> [Entries shown]:
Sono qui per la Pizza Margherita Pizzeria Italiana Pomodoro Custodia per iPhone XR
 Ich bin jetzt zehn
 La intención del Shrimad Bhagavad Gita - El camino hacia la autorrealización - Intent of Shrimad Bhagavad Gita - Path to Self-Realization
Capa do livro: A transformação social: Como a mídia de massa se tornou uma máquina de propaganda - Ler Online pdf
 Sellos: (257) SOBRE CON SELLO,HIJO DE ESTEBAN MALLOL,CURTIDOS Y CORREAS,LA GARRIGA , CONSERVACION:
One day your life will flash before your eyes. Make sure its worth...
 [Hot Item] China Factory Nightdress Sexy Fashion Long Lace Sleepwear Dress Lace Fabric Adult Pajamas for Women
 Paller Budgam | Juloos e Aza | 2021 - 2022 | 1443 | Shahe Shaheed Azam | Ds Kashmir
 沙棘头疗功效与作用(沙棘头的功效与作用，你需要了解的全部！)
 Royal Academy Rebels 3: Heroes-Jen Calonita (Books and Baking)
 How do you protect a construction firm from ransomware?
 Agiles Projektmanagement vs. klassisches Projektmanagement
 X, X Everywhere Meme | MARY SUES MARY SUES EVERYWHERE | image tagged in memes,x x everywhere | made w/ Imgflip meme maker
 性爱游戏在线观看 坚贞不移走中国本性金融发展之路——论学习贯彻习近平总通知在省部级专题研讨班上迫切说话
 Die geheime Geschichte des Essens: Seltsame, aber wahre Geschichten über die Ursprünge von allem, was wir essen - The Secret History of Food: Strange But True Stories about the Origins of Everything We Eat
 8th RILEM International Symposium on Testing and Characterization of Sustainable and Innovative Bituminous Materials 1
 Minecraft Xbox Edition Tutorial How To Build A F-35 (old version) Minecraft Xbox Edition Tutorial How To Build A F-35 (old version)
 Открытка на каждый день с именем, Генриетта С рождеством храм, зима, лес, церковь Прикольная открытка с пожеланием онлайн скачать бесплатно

> [Assignment]: What you give back should be the lines from the one with "沙棘头疗功效与作用(沙棘头的功效与作用，你需要了解的全部！)" to the end of the data, copied exactly, both ends included.

> [Result of the task]:
 沙棘头疗功效与作用(沙棘头的功效与作用，你需要了解的全部！)
 Royal Academy Rebels 3: Heroes-Jen Calonita (Books and Baking)
 How do you protect a construction firm from ransomware?
 Agiles Projektmanagement vs. klassisches Projektmanagement
 X, X Everywhere Meme | MARY SUES MARY SUES EVERYWHERE | image tagged in memes,x x everywhere | made w/ Imgflip meme maker
 性爱游戏在线观看 坚贞不移走中国本性金融发展之路——论学习贯彻习近平总通知在省部级专题研讨班上迫切说话
 Die geheime Geschichte des Essens: Seltsame, aber wahre Geschichten über die Ursprünge von allem, was wir essen - The Secret History of Food: Strange But True Stories about the Origins of Everything We Eat
 8th RILEM International Symposium on Testing and Characterization of Sustainable and Innovative Bituminous Materials 1
 Minecraft Xbox Edition Tutorial How To Build A F-35 (old version) Minecraft Xbox Edition Tutorial How To Build A F-35 (old version)
 Открытка на каждый день с именем, Генриетта С рождеством храм, зима, лес, церковь Прикольная открытка с пожеланием онлайн скачать бесплатно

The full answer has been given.